L’aggressione contro l’enclave armena del Nagorno Karabakh ha aperto nuovi capitoli al già non semplice scenario geopolitico e al problema della sicurezza energetica. Intreccio dovuto al taglio degli approvvigionamenti dalla Russia e che vede ora l’Azerbaigian - uno dei fornitori di gas naturale della UE - colpevole di nuovi crimini verso la minoranza armena.
Sanzionare il governo di Baku o “piegarsi” alla realpolitik? Un’attenta analisi viene presentata da Giuseppe Gatti, editorialista di Nuova Energia. “Non c’è solo il ruolo giocato in questi mesi dal gas azero a pesare sulle valutazioni politiche in ordine alle misure da adottare a fronte della soluzione violenta con cui Baku cerca di chiudere il contenzioso con l’Armenia”.
Pesa non meno la prospettiva, segnata dal Memorandum of Understanding, firmato a luglio dello scorso anno tra UE e Azerbaigian, per il raddoppio al 2027 della capacità logistica e il passaggio delle forniture all’Europa a 20 miliardi di Smc.

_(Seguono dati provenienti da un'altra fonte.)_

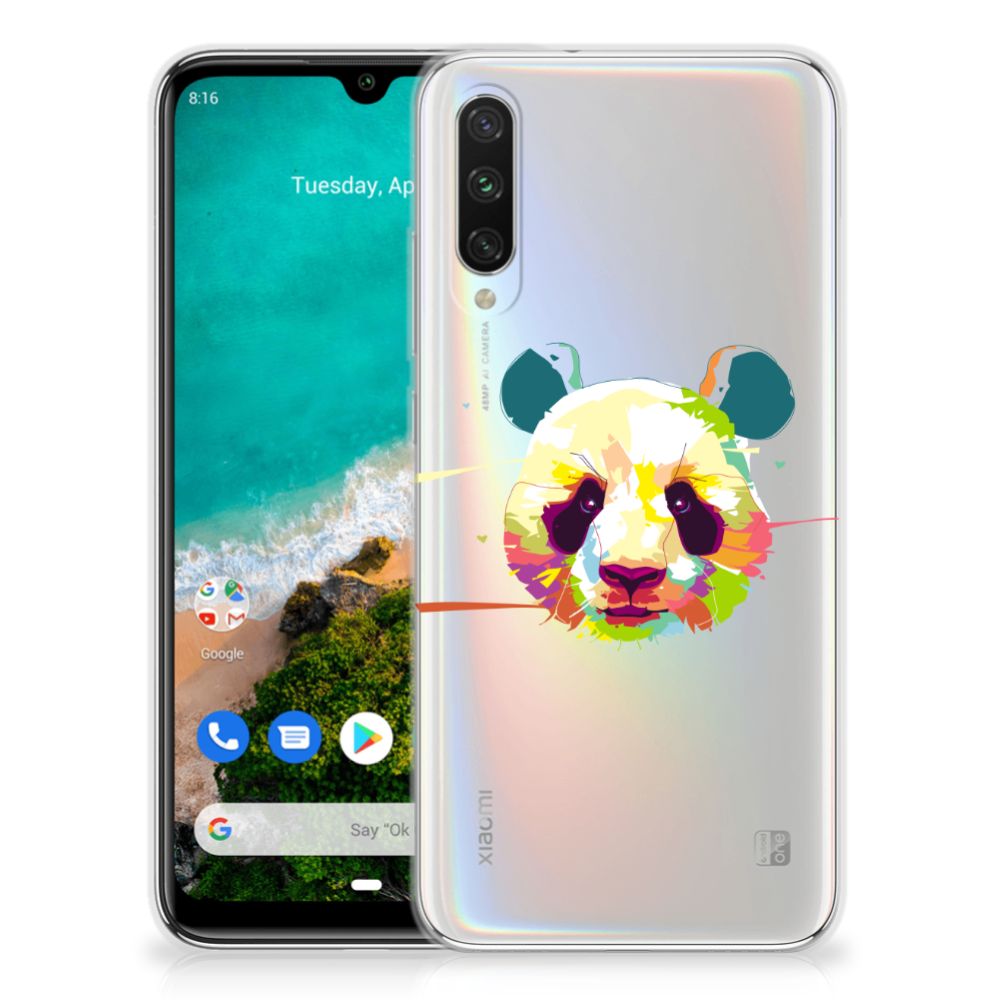 Xiaomi Mi A3 Telefoonhoesje met Naam Panda Color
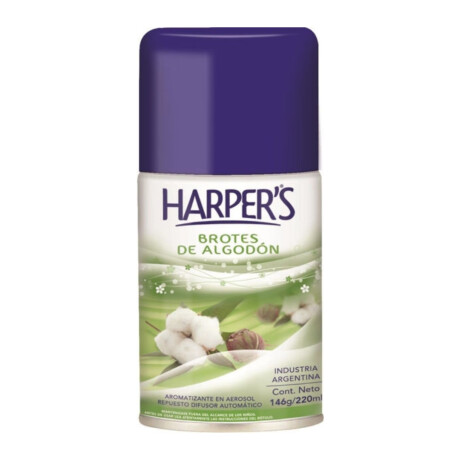 AROMATIZADOR AEROSOL HARPERS 220 ML BROTES DE ALGODON AROMATIZADOR AEROSOL HARPERS 220 ML BROTES DE ALGODON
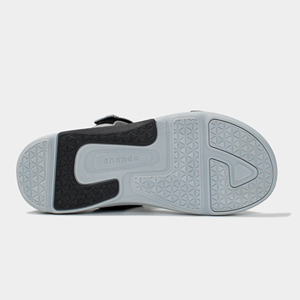 Sandalias Casuales Grises con Detalles Negros, Suela de 5cm, Punta Abierta, Marca Shondo - Product Image 6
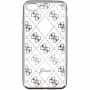 Guess 4G TPU pokrowiec do iPhone 7 Plus / 8 Plus - srebrny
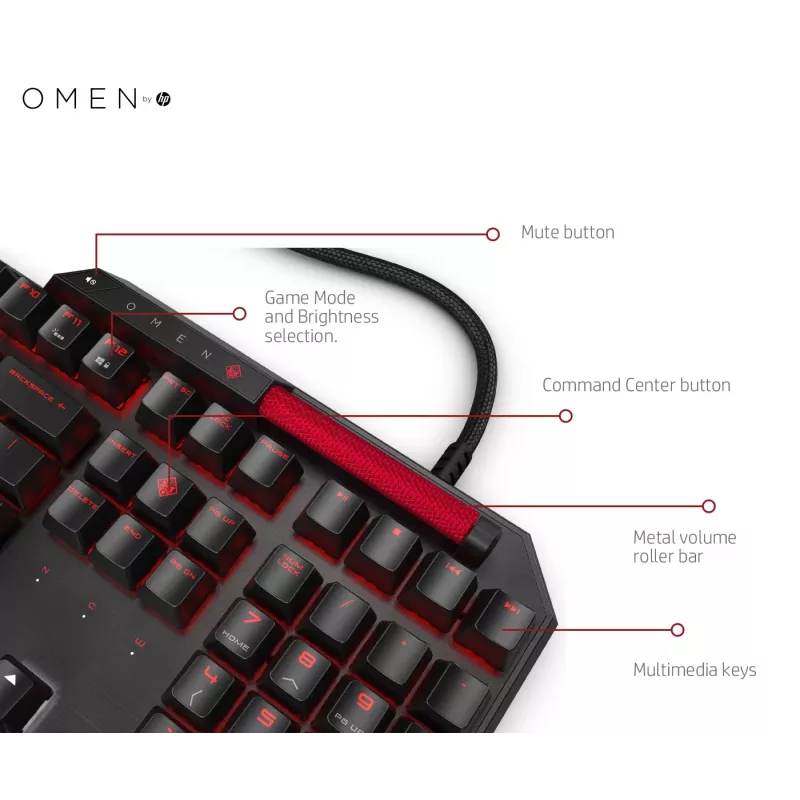 HP OMEN by Sequencer klaviatuur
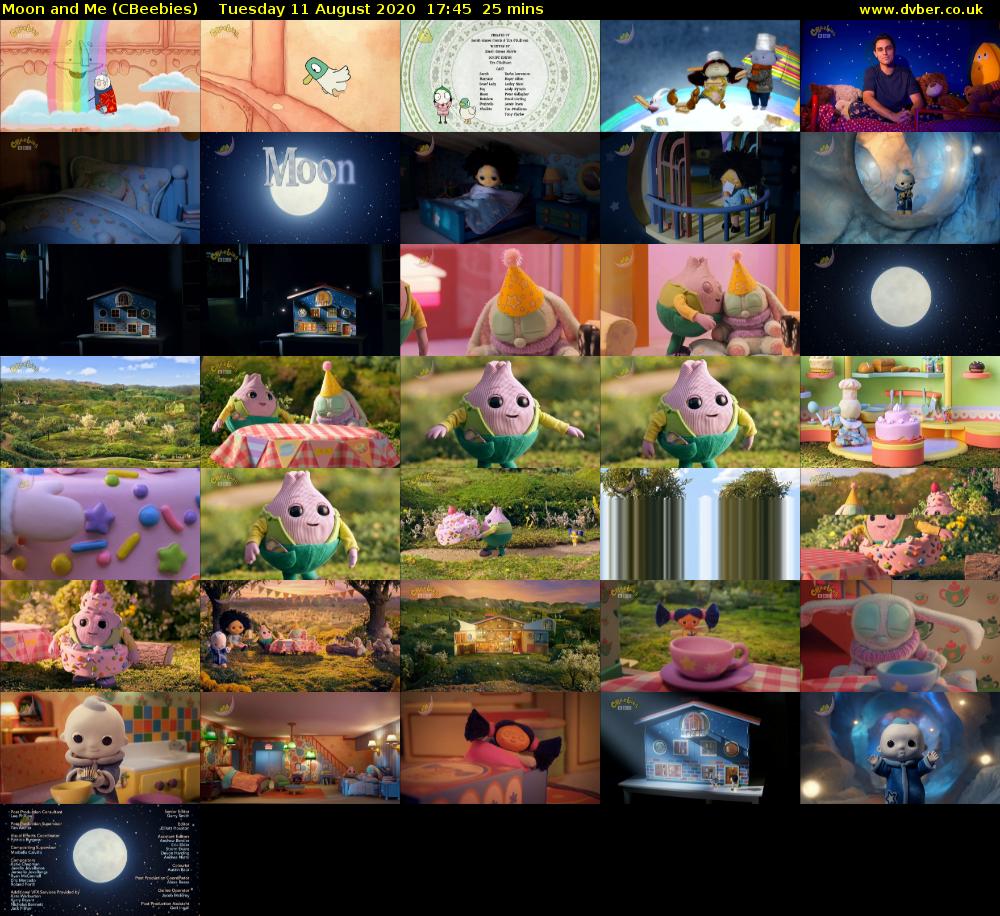 Moon and Me (CBeebies) Tuesday 11 August 2020 17:45 - 18:10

Bruxelles sembra infatti voler ripiegare su più morbide proteste diplomatiche, nella speranza di poter gestire una conciliazione tra le parti.
“Sull’altare della realpolitik - sottolinea Gatti - rischiamo così di sacrificare le ragioni fondanti dell’Europa, la legge morale che motiva e nutre la nostra Unione”.
Anche perché la preoccupazione di Bruxelles di non irritare Baku non pare avere un solido fondamento. “I 12 miliardi di metri cubi di gas che arrivano con il TAP sono sempre utili - conclude Gatti - ma non più indispensabili e l’Azerbaigian non può facilmente rinunciare a queste entrate dopo gli investimenti fatti”.